### Records provided

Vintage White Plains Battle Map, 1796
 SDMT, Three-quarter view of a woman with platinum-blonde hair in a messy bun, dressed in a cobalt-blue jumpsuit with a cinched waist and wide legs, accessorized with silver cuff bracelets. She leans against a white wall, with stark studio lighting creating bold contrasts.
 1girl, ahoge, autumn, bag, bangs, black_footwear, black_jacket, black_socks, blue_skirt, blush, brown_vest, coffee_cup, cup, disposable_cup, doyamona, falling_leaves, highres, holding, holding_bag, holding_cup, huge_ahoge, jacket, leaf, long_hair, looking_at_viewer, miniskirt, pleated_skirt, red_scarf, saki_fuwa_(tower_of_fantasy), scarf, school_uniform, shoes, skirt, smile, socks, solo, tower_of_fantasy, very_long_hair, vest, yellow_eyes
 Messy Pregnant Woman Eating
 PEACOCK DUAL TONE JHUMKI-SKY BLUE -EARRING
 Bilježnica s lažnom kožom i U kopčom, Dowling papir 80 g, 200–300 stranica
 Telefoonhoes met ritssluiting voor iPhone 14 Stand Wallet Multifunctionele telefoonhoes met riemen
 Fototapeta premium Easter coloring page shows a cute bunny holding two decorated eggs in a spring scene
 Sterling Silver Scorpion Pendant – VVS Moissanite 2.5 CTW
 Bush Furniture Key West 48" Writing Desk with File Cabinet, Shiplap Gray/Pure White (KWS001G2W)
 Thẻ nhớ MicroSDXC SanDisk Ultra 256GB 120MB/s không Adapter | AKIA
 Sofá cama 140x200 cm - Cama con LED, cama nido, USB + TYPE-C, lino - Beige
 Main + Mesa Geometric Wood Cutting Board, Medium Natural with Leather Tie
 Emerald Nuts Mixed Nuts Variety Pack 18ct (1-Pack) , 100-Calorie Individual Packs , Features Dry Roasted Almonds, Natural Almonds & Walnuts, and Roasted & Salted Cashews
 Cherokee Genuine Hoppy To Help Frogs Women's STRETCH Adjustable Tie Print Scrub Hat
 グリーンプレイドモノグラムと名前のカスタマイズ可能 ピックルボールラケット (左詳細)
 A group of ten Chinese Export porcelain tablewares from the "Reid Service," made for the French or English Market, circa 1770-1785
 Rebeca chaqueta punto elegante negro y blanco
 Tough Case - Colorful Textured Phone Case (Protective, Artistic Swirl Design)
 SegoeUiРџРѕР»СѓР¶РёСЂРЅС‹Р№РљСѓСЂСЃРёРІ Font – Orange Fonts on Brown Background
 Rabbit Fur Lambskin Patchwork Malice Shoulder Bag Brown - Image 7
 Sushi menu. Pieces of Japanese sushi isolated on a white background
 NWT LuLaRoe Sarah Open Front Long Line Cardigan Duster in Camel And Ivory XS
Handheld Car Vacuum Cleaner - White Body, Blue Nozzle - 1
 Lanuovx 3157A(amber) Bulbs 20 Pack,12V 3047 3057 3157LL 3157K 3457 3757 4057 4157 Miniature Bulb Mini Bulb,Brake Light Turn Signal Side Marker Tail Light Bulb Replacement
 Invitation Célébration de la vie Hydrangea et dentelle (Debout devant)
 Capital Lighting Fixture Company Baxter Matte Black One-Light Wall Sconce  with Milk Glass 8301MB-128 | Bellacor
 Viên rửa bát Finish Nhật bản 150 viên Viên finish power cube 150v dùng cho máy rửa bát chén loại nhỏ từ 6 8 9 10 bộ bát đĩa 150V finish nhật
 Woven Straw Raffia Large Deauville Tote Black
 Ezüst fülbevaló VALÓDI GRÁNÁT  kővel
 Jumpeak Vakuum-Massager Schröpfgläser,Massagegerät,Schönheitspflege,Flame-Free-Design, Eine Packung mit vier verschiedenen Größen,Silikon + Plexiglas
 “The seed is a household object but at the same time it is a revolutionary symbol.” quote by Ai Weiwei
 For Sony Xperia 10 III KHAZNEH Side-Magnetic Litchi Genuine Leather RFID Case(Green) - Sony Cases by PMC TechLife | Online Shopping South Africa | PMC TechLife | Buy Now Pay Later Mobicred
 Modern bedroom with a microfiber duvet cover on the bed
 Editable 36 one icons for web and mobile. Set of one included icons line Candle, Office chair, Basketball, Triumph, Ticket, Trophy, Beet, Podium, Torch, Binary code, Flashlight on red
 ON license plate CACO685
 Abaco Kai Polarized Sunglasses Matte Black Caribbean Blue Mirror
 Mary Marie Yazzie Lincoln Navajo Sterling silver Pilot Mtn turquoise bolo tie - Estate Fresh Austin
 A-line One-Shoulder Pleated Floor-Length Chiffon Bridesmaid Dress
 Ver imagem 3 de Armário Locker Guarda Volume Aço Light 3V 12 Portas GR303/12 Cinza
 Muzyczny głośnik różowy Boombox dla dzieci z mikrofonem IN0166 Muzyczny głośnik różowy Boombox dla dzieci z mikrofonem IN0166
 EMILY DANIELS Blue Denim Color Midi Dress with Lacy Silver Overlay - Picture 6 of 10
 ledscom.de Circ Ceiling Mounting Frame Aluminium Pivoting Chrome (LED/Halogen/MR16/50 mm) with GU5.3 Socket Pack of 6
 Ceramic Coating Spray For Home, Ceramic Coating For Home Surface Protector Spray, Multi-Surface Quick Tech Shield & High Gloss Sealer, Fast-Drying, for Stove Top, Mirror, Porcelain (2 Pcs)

### Directions for this task
Copy each line above that has the word "Shoulder".

### Output
 Rabbit Fur Lambskin Patchwork Malice Shoulder Bag Brown - Image 7
 A-line One-Shoulder Pleated Floor-Length Chiffon Bridesmaid Dress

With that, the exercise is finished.